DMMに入社した決め手は何だったんですか?
石井:大学ではプラットフォームビジネスについて学んでいたので、GAFAに近いことができる日本企業を探していました。そんな中でたまたま説明会に参加したのがDMMだったんです。
参加する前はあまり企業としての戦略がわかっていなかったのですが、1つのアカウントで複数サービスを利用できる「シングルサインオン」をベースにした戦略や積極的な投資スタイルの話を聞くうちに「成長できそうな環境だな」と思いまして。

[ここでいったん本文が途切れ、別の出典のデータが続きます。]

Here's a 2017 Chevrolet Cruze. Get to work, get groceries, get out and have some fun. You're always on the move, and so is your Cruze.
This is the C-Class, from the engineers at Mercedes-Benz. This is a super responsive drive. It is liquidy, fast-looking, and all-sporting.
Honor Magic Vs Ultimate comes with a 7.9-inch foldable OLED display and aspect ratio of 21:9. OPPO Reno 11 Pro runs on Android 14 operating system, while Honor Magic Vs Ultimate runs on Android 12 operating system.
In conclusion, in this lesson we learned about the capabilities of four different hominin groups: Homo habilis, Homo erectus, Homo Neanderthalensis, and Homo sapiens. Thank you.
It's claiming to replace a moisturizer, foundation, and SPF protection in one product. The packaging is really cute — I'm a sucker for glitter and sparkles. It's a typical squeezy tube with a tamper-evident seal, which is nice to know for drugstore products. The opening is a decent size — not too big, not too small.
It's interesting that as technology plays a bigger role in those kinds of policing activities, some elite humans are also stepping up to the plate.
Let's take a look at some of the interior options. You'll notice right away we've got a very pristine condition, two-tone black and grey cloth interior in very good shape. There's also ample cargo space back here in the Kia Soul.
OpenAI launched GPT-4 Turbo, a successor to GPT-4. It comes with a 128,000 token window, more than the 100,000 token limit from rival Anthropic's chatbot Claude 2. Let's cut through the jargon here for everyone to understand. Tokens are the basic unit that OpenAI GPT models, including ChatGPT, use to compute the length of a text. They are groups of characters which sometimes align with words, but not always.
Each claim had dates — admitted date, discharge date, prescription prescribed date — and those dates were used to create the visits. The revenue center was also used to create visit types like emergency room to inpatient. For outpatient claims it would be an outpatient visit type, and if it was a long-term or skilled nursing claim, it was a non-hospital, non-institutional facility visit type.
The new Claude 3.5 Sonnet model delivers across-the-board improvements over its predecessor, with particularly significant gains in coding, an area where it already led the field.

特に僕の琴線に触れたのが、マーケティング本部長 川端の説明です。川端が説明会の担当者だったのですが、スクリーンには2つのLPが映し出されていて、1つはごちゃっとしているが美しさを重視したデザイン、もう1つは特に美しさよりもシンプルでわかりやすさを追求したデザインだったかと思います。「どちらがよりクリックされると思いますか?」と聞かれたので、少数派の後者のほうに手を挙げたらそれが正解でした。
そのときに川端がこう言ったんです。「ユーザーの選択の裏側には必ず根拠や論理がある。それをいかに追求して投資に活かすか、それがマーケティングです」と。ビジネスにおける客観性の大切さを気づかせるようなこの体験がかなり刺さって、「この会社に絶対入ろう」と決意しました。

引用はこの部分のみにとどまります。